New Data from California: More UberX Means Less Drunk Driving
- Policing. Enforcement techniques have gotten better, DUI patrols more plentiful, and public pressure to take drunks off the road more focused.
- Public education. Awareness campaigns in schools and in the media have spread the message that drunk driving is lethal, reckless, and stupid.
- Ignition interlocks. These devices, also called car breathalyzers, prevent a vehicle from starting if the driver has been drinking. States that require them for all DUI offenders bring down their rates of road fatalities considerably.
- Treatment. More and more treatment options are available for people with alcohol problems, including court-mandated evaluation and alcohol counseling.
But there’s one more piece to the puzzle, and it’s a vital one:
- Affordable alternatives.
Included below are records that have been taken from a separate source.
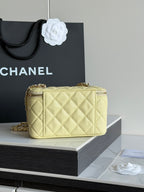 Chanel quilted mini crossbody bag with gold chain strap in pale yellow, side view on stand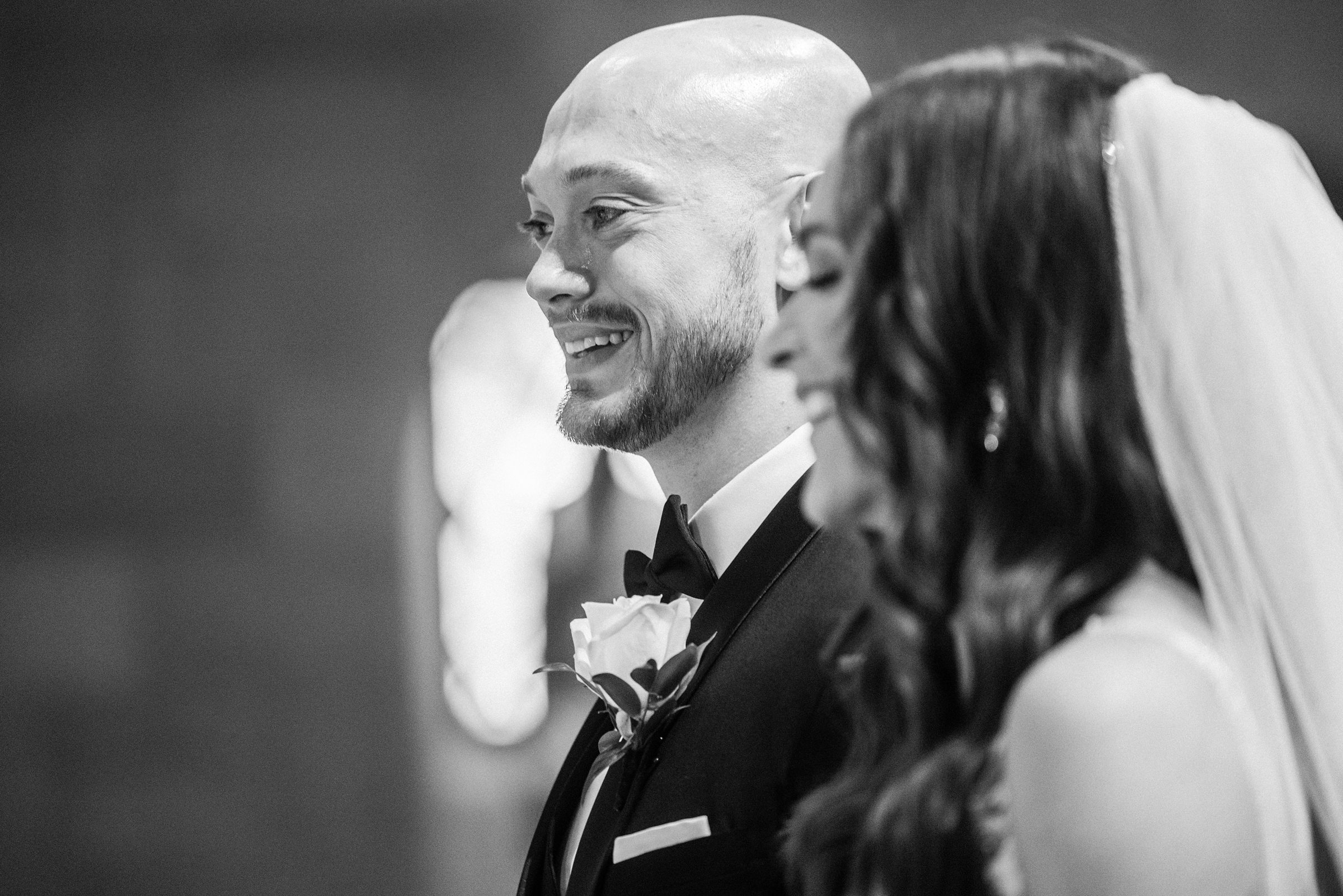 Groom crying at the altar at St. Hugo of the Hills by Michele Maloney Photography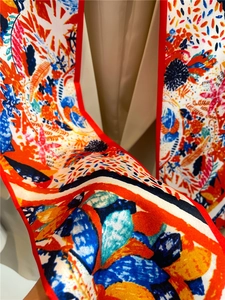 Gros plan sur un foulard en soie aux imprimés abstraits et bordures rouges précises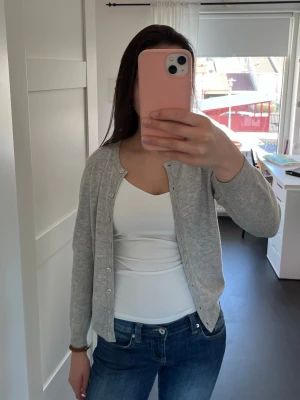 Ljusgrå kofta med knappar - En enkel och stilren ljusgrå kofta från Rosemunde. Koftan har långa ärmar och ribbade muddar vid ärmslut och nederkant. Pris går att diskutera💕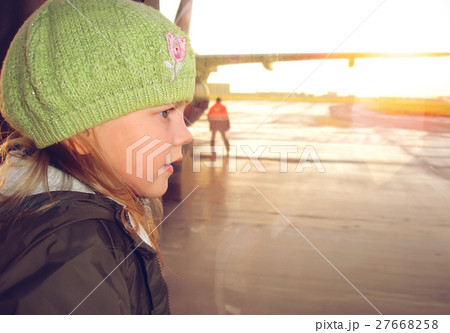 Little girl looking through the airport window. Little girl looking through the airport window. 27668258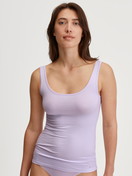 Women model is wearing Tank top made of Cotton in Purple, Unicoloured from the Natural Comfort series by CALIDA, Front view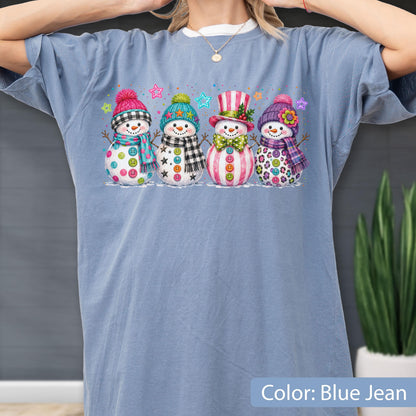 May include: A blue jean colored t-shirt featuring a graphic print of four snowmen standing in a row. Each snowman wears a different colorful hat and scarf, decorated with various patterns including buttons, stars, stripes, and floral accents.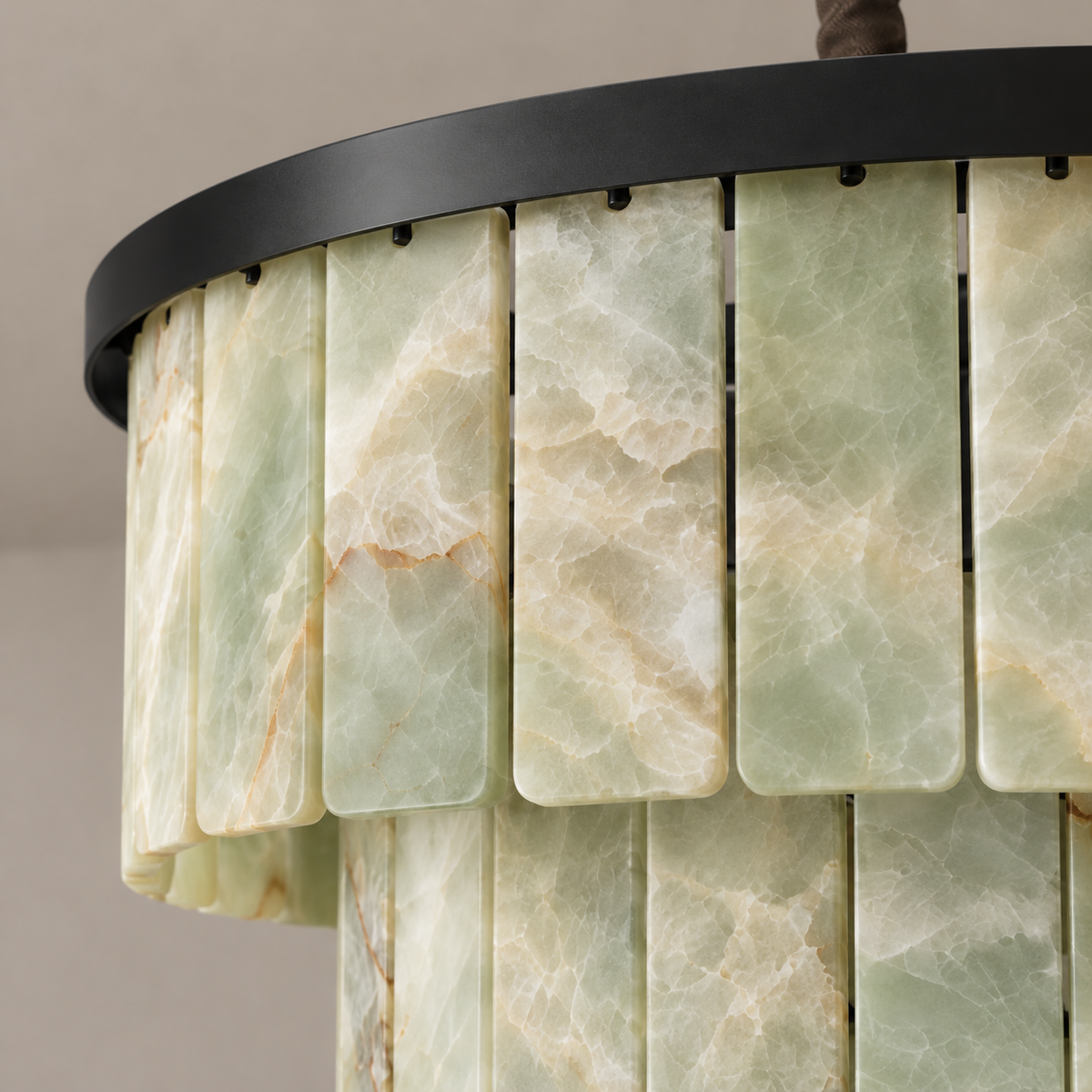Close view of green onyx panels and black rim on the tiered chandelier.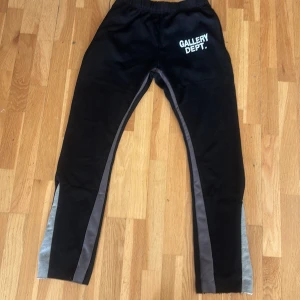 Svarta träningsbyxor från Gallery Dept. - Svarta träningsbyxor från Gallery Dept. med vitt tryck på framsidan. Byxorna har elastisk midja och gråa paneler längs benen. Perfekta för en sportig look.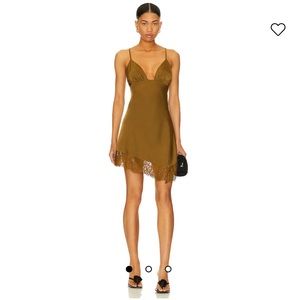 x REVOLVE Nouvelle Mini Dress in Olive Green
House of Harlow 1960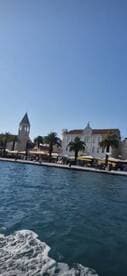 A picturesque view of a coastal town with palm trees and historic architecture, perfect for capturing the essence of a relaxing day on the water.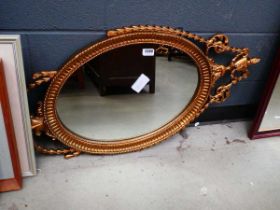 Oval mirror in decorative urn and swag patterned frame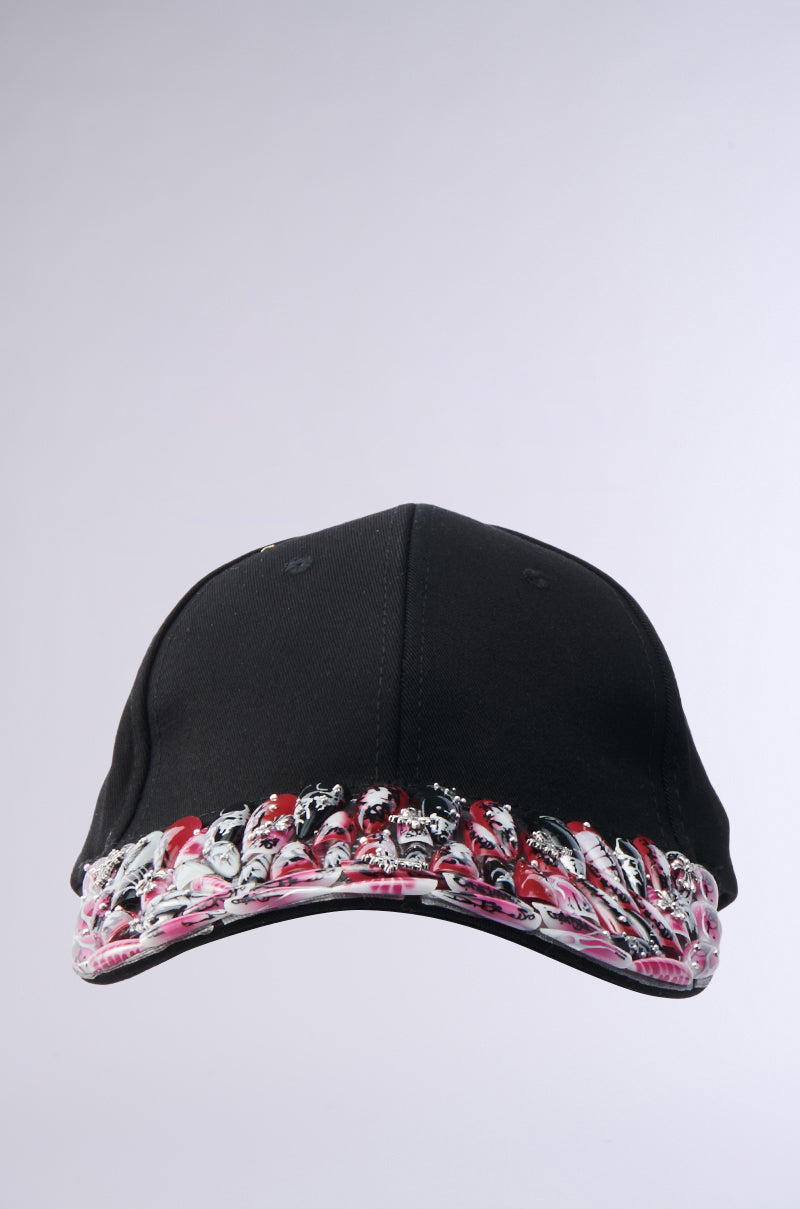 The NAILED IT HAT is a black ball cap with a vibrant abstract red, pink, white, and black patterned brim, shown against a plain light gray background.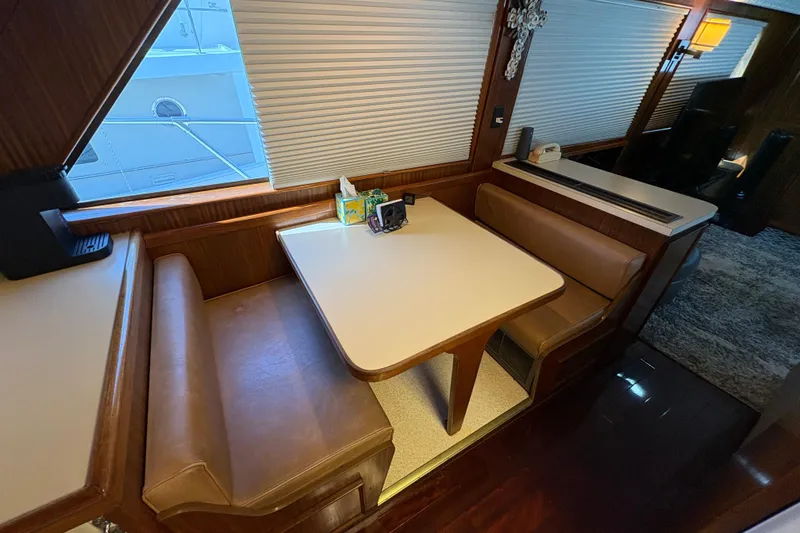 Slide: The Image of 1985 Hatteras 60 Convertible yacht interior with dining area and leather seating. - 74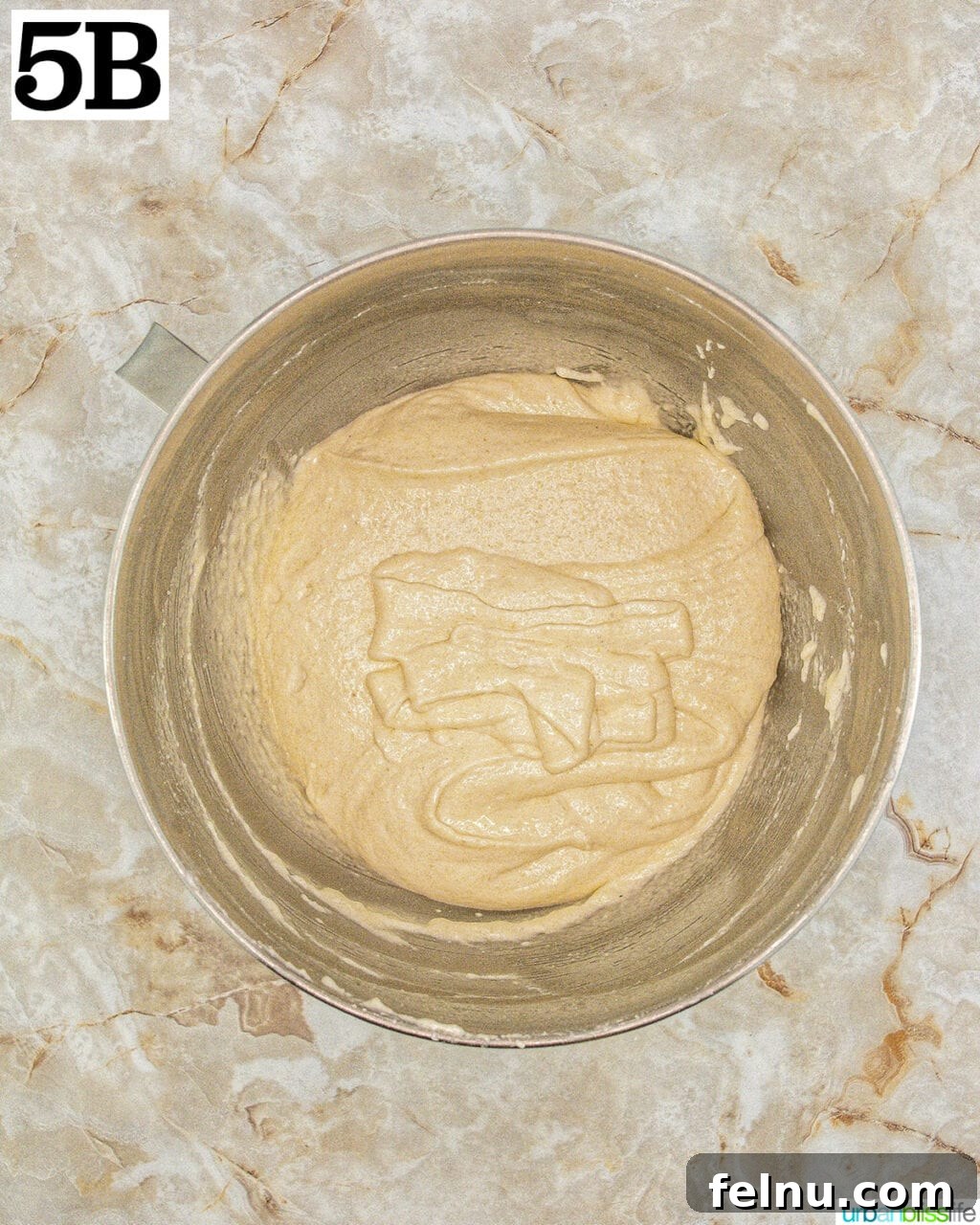Espresso Mascarpone Macarons 11 Stand mixer bowl with macaron batter at the correct 'lava-like' consistency.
If drinkers can get where they’re going without getting behind the wheel at a reasonable price, everyone is better off.
Uber has been a prominent addition to the landscape of alternatives for a few years now. And a soon-to-be-presented study by Temple University’s Fox School of Business suggests that rideshare companies like Uber are preventing alcohol-related fatalities.
The study finds that when UberX, the company’s budget service, was introduced in various places in California, deaths due to alcohol-related collisions dropped by rates ranging from 3.6% to 5.6%.
The low-cost service was the key. Town cars and limo services didn’t have much effect, but having a cheap ride available at the tap of an app was apparently enough to dissuade drinkers from driving home.
The authors of the study conclude that, were affordable rideshare options available nationwide, some 500 lives could be saved every year.
Some of the methods for reducing drunk driving are aimed at DUI offenders. Policing, interlock devices, and treatment are useful for those who have broken the law. Education and rideshare alternatives like Uber, Lyft, and Sidecar fill a different and essential role: they are meant to prevent drunk driving from occurring at all, by getting impaired people to avoid that fateful decision to get behind the wheel. In places where public transit is not up to the task, we expect these services to grow and make roads safer, not just in California, but everywhere.